Aim of the exercise ▸ Work through the records that follow and return each line containing the word "number".
--- Records for this task Enclosed Below ---
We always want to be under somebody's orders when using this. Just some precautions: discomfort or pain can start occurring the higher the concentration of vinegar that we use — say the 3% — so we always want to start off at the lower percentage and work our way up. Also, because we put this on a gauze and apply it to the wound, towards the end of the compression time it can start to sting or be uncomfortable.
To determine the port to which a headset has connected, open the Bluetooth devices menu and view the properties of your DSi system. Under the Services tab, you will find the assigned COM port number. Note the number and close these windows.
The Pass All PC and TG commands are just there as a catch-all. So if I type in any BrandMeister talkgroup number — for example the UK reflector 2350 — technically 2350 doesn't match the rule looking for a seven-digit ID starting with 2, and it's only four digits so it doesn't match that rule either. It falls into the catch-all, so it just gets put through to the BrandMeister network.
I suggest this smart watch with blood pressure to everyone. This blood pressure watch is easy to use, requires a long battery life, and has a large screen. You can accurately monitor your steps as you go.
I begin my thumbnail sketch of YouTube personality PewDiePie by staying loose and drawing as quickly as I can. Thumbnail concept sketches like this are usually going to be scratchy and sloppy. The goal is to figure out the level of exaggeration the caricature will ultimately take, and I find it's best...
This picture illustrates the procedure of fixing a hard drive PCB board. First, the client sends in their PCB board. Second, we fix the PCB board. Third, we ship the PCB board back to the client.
--- End of Enclosed Records for this task ---
--- Records for this task Enclosed Below ---
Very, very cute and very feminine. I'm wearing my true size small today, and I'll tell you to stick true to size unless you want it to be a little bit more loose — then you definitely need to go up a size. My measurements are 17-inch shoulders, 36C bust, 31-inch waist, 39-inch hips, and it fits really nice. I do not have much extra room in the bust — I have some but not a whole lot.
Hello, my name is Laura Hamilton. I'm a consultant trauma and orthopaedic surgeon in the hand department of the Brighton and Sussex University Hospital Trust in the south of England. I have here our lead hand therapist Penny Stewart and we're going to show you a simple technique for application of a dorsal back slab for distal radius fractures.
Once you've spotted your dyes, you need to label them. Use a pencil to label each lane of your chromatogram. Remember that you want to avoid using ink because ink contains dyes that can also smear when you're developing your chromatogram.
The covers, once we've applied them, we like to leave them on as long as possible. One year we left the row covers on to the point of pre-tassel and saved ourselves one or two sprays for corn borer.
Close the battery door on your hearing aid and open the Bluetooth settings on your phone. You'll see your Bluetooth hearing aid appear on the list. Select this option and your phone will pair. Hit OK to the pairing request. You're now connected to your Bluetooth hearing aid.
--- End of Enclosed Records for this task ---
--- Records for this task Enclosed Below ---
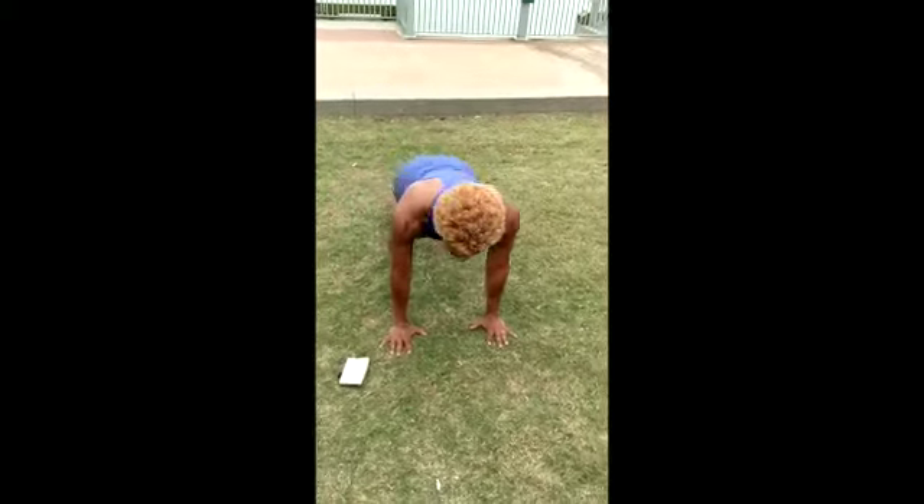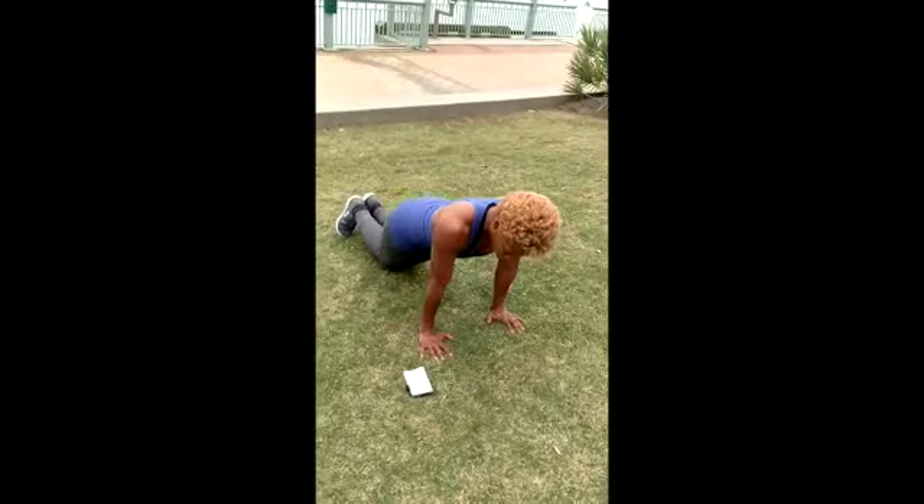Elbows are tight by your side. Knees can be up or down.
--- End of Enclosed Records for this task ---
Task answer ▸
To determine the port to which a headset has connected, open the Bluetooth devices menu and view the properties of your DSi system. Under the Services tab, you will find the assigned COM port number. Note the number and close these windows.
The Pass All PC and TG commands are just there as a catch-all. So if I type in any BrandMeister talkgroup number — for example the UK reflector 2350 — technically 2350 doesn't match the rule looking for a seven-digit ID starting with 2, and it's only four digits so it doesn't match that rule either. It falls into the catch-all, so it just gets put through to the BrandMeister network.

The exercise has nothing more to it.